Neil then showed us the reality of publication data in his field of Chemistry, demonstrating a description of information gained from chemical experiments using simple Dublin Core as a base but augmented with chemical information via Qualified Dublin Core. Of course, this practical demonstration of the existing discipline-specific approaches of the Chemistry community to managing and sharing data illustrated again that existing discipline-specific realities determine what makes sense in terms of research metadata.
Despite the initial challenging perspective, Neil’s talk became more positive as he demonstrated current practice, saying that chemists are slowly coming round to embedding DOIs into publications, pointing at datasets in institutional repositories. He and others are now starting to aggregate and combine repositories of chemical data, and using mash-ups to combine content. Neil finished by showing off the Labtrove system to enable the archiving and sharing of ‘lab notebook’ experimental metadata. Labtrove is now being introduced into Southampton’s ePrints repository, and they are now able to cite their lab notebooks.

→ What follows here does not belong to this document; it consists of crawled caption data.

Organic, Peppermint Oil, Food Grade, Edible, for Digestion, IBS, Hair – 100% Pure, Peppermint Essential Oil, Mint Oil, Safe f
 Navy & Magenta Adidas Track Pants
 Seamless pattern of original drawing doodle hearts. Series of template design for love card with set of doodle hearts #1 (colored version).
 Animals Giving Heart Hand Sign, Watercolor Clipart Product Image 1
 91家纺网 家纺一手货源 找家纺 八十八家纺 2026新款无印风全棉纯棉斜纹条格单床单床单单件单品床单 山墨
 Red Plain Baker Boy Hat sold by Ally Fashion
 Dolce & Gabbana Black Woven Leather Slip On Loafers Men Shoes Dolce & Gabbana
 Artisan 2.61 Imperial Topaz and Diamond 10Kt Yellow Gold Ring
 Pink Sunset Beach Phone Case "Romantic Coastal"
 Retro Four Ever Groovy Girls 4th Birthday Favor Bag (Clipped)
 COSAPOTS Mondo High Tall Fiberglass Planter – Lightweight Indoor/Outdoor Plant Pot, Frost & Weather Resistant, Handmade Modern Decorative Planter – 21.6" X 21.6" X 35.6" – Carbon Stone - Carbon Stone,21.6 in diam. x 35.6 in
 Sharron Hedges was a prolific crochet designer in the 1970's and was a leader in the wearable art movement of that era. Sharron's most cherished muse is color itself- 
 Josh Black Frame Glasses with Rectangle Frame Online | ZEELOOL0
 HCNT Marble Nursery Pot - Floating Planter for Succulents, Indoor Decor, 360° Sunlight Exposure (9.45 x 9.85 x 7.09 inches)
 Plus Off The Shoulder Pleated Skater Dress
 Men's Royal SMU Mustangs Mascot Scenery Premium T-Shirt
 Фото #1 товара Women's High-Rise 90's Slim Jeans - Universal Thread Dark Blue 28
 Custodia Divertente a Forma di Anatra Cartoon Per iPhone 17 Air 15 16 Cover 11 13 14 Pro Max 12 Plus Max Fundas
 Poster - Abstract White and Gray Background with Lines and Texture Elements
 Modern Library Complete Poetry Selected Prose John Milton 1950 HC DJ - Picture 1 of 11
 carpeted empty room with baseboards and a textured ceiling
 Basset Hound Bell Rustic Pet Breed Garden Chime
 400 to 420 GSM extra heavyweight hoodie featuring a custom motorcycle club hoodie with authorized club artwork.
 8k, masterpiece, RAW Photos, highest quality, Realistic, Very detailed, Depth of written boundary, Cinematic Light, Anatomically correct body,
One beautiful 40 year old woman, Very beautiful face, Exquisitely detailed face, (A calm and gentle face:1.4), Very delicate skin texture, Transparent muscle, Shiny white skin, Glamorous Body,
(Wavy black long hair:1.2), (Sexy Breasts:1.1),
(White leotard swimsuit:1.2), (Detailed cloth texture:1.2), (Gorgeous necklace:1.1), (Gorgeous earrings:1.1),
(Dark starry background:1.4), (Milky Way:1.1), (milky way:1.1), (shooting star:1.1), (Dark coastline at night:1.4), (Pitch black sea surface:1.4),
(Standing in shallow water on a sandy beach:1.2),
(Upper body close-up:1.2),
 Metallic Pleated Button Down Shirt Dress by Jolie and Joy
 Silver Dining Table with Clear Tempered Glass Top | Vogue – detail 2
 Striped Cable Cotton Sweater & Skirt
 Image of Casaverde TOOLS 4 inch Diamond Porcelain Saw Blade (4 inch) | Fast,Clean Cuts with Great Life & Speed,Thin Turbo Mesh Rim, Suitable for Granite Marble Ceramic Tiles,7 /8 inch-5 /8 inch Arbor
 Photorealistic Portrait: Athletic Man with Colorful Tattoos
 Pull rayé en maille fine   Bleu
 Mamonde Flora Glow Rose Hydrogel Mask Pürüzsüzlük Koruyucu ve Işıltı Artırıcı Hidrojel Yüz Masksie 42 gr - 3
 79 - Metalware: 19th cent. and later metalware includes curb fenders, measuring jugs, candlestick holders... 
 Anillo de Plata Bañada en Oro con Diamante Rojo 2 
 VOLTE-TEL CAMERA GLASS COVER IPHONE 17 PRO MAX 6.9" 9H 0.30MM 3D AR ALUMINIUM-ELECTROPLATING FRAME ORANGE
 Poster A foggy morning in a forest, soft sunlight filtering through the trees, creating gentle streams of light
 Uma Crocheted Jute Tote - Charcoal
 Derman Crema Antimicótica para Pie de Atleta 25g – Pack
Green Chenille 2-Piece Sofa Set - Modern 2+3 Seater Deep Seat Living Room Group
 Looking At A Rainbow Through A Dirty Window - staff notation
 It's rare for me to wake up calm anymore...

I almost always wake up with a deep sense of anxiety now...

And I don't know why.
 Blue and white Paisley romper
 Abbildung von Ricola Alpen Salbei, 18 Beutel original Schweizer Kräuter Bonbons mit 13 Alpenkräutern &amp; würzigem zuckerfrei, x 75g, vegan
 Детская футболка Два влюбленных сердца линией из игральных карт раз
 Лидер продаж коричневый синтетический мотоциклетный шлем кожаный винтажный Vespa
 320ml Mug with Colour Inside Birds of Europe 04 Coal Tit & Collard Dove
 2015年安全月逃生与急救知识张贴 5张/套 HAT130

Finally, in a good summary of several themes from the day, Neil noted that the policy for the obtaining of DOIs requires an institutional plan, discipline-level decision-making, and a sign off process.
Take-Home Themes
All the themes above were, of course, developed further in discussions during and after lunch, and in a final session we split into groups to think about some specific problems around data versioning and citation. There’s no substitute for attendance at a DataCite workshop, but hopefully the following summary of key themes from the day will be useful both for those who attended and those who couldn’t:
- Research datasets and publications are generally, in reality, fluid and evolving – they are increasingly being seen as versioned objects, in various contexts.
- Diversity of material and standards means that librarians have to work closely with academics in order to define appropriate practices and appropriate metadata, as well as to enable appropriate curation of datasets.
- Discipline-specific standards and extensions to Dublin Core are essential to making datasets re-usable.
- Institutional policies and discipline-based sign-off are key to managing the assignment of DOIs. There’s no point assigning DOIs to ‘digital garbage’.
- Question: Should any change to a dataset or to its metadata require a new DOI?